Was hoping folks could post some of their infrared images here for all to look at and give some info on whether it was an IR filter or an IR-modded camera. If using filters, what filter is being used and also why that particular wavelength was chosen. Right now, I cant tell what different using a 720nm or a 1100nm would make, so seeing these filters in action would be great!

Message edited by author 2011-03-02 13:16:10.
03/02/2011 01:25:48 PM · #2
Wow, just googled this, I am LOVING these photos. Would love to learn more about this.

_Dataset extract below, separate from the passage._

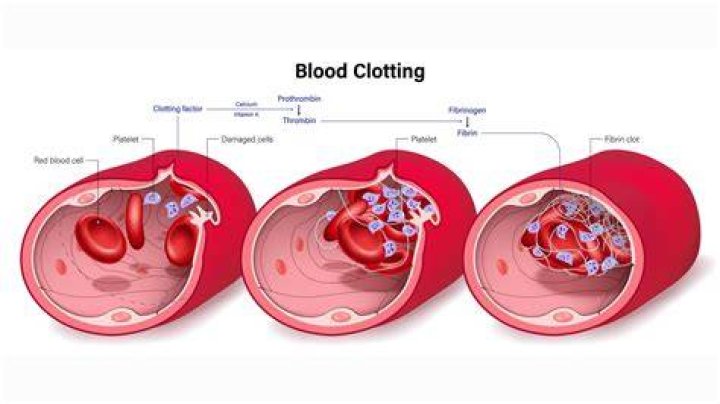 Who is prone to clotting?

I'm at work and can't read up much on it now, but do you need a special lens or something for this??
03/02/2011 01:42:46 PM · #3
You need either a special filter or an adapted camera. It can get quite tricky with filters if you don't have live view because visible light doesn't get through the filters.
03/02/2011 01:49:15 PM · #4
21.gif ambaker does plenty of IR.

Infrared Gallery

03/02/2011 01:55:55 PM · #5
IR is a lovely area of photography... the predominance of DSLRs has somewhat stifled it temporarily, because nearly all off-the-shelf DSLRs have very strong IR blocking filters over the sensors. This means very long exposures for IR, or modifying the camera. Lots of folks are now taking older cameras and modifying for IR, with great results. There are several companies that will do conversions.
It's a shame that manufacturers don't offer IR versions of some models. Canon did once with the 20Da, but that was available for only a short time, and you hardly ever see them on the used market.
03/02/2011 02:07:07 PM · #6
Originally posted by GinaRothfels:

You need either a special filter or an adapted camera. It can get quite tricky with filters if you don't have live view because visible light doesn't get through the filters.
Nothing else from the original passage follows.